There’s a useful gender-switch of roles in the tribunes, Martina Laird’s subtler Junius Brutus, and Jackie Morrison’s truculent Sicinius, Katherine Toy’s Valeria with other roles and Justine Marriott’s Second Citizen stand out. Simon Yadoo’s active Herald and Barry Gill’s Aedile, the Citizen Smith attitudinsing of First Citizen Geoffrey Lumb etch distinctive marks but Tony Boncza and Ben Hall’s Titus Lartius are vocally distinctive too, as is Jesson and of course Gwynne.

 

It’s a Coriolanus memorable for its patient elaboration of the political as well as personal forces the central character’s torn apart by, and an active interrogation of the nature of democracy.

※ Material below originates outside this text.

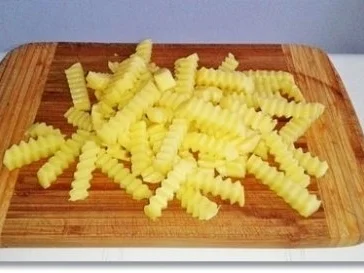 Rezept: Rinderschnitzel mit Kräuter Sauce und Wellenschnitt Pommes dazu Bild Nr. 10 Rinderschnitzel mit Kräuter Sauce und Wellenschnitt Pommes dazu - Rezept - Bild Nr. 10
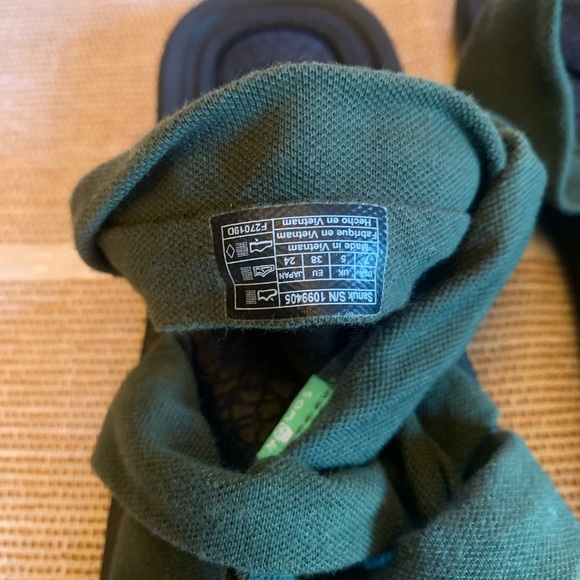 Sanuk Green Yoga Sling sandals. Size 7 - Picture 2 of 5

If it can’t translate the wild anger of its opening moments into sizzling rhetoric and danger it’s because clarity’s a watchword Jackson rightly feels it’s worth erring on the side of. We’re left with a broken Coriolanus between the twin pillars of what he loves most. The scene where Volumnia and entourage, Coriolanus and Aufidius come together is climactic and beautifully drawn out here like the hollow faces the women present; but Shakespeare holds back Aufidius rapidly recalibrating after earlier slights.

 

Perhaps only opera could do justice to the skein of conflicted feelings here. Singularly, there was a musical Caius Martius featuring the young Peter Polycarpu at the Edinburgh Fringe in 1977; all who saw it agreed it should have transferred to the West End. Stranger things have happened to illuminate Shakespeare by flashes of lightning.